The pandemic has exacerbated the inequalities of race, class, and gender. In housing, this means that those already struggling to cover the rent are often without jobs or in jobs that put them and their family at risk for COVID-19. As of February, the Urban Institute estimated rental arrears in the US between $14 and $52 billion. The recent COVID relief bill signed by President Biden provides additional aid for renters who have been unable to pay. This bill brings the total in federal rental assistance to nearly $50 billion since the start of the pandemic. But the roll out of these funds is complicated. In Michigan, it is slowed by a standoff between the State Legislature and Gov. Gretchen Whitmer over the governor’s emergency powers. The longer these funds go unallocated the more it stretches the budget of housing and legal aid organizations which are taking on debt and lines of credit for a prevention program that is supposed to reimburse expenses. In other cases, the various restrictions instituted with each round of federal funding mean that not all renters in need will qualify. These immediate issues and the longer history of housing insecurity have been the focus of four Urban and Regional Studies courses over the last year.

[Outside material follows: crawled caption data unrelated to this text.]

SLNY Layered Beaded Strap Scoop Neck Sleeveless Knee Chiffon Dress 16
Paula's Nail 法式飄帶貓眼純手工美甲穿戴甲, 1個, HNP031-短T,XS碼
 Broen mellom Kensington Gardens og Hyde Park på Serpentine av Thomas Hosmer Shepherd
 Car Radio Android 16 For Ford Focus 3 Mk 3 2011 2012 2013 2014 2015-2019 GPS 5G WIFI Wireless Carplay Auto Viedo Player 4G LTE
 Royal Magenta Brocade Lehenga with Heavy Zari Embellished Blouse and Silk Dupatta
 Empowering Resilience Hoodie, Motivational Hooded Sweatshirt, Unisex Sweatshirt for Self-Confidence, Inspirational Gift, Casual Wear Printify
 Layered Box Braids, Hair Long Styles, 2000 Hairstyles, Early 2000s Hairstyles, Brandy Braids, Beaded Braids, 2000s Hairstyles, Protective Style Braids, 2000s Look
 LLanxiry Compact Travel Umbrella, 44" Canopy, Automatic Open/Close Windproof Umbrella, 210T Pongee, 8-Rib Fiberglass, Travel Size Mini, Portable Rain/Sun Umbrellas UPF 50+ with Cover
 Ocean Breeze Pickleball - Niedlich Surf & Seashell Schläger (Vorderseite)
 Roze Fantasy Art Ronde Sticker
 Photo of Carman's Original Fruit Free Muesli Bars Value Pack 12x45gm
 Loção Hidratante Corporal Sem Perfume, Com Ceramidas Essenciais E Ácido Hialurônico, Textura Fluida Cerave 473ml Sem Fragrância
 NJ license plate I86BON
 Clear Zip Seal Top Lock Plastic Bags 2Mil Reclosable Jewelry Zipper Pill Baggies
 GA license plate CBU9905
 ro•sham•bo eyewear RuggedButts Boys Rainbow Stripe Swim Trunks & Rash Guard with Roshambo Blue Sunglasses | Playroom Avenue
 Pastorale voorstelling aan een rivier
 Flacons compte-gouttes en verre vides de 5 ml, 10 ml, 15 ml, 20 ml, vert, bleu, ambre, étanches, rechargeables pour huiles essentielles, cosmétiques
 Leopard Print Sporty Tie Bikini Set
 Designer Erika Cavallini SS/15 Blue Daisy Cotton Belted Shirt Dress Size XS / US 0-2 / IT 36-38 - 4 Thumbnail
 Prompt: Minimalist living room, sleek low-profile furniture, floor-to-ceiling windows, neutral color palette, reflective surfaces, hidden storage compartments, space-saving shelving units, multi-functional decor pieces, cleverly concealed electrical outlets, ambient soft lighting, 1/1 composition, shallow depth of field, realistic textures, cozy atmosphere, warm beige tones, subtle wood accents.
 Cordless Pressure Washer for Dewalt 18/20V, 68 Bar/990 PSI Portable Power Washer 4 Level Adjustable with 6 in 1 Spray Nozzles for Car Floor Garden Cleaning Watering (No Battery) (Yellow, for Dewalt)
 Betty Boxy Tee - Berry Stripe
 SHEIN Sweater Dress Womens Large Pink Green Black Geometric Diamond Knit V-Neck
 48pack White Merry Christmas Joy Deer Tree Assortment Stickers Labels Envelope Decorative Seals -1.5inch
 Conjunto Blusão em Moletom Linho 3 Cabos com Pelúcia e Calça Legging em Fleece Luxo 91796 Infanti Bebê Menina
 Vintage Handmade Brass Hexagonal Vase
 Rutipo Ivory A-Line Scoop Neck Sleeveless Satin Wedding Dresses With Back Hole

As the university transitioned to an all-online format in March of 2020, students in the Urban and Regional Studies class turned their attention to cataloging the various strategies being used by anti-eviction and housing activists across the US. This project was a quick pivot from the campus forum they had been planning throughout the term. This work by students Dale Browne, Erie Nash, and Jon Quintal (pictured below) informed a number of ideas included in two white papers detailing eviction prevention strategies circulated in the offices of Michigan Gov. Gretchen Whitmer and Detroit Mayor Mike Duggan in the early months of the pandemic. This work, along with that of many other organizations, activists, and academics, played a role in the current eviction prevention programs in place across the state.
In Fall 2020, Urban and Regional Studies major Chelsea Hampton (pictured left) used an independent study on COVID-19 and Evictions to help develop the first comprehensive data set on the ownership of multi-family building apartment buildings in the city of Detroit. This work is part of a broader project that includes UM-Dearborn alumnus Jacob Yesh-Brochstein. The data work by Hampton is being combined with data on speculator owned housing in Detroit to build an eviction tracker. This tool allows tenant organizers to identify and canvas areas of the city facing the highest threat of eviction; activists to identify the most active landlords evicting low-income tenants; and generates the first comprehensive set of eviction data in Detroit tracking the process from the initial filing to outcome. The data from this project will be hosted in partnership with Data Driven Detroit through a grant from the Kresge Foundation.
URS students in the Winter 2021 capstone have worked to assist the University of Michigan’s Poverty Solutions and its eviction tracking project. This project developed with Alexa Eisenberg, a PhD candidate in Public Health at UM-Ann Arbor, tracks the first 1,000 eviction cases filed during the pandemic. This is an essential data set as it captures a point in time with some of the most active government interventions in evictions in recent history. The ability to analyze how these moratoria and emergency relief programs functioned will be important for understanding potential policy interventions in the future. The ability of organizers to use this data for outreach inspired the development of an automated eviction tracker. As part of the course, students have worked on eviction tracking, attended Detroit Eviction Defense meetings, and are developing projects examining housing instability in Detroit.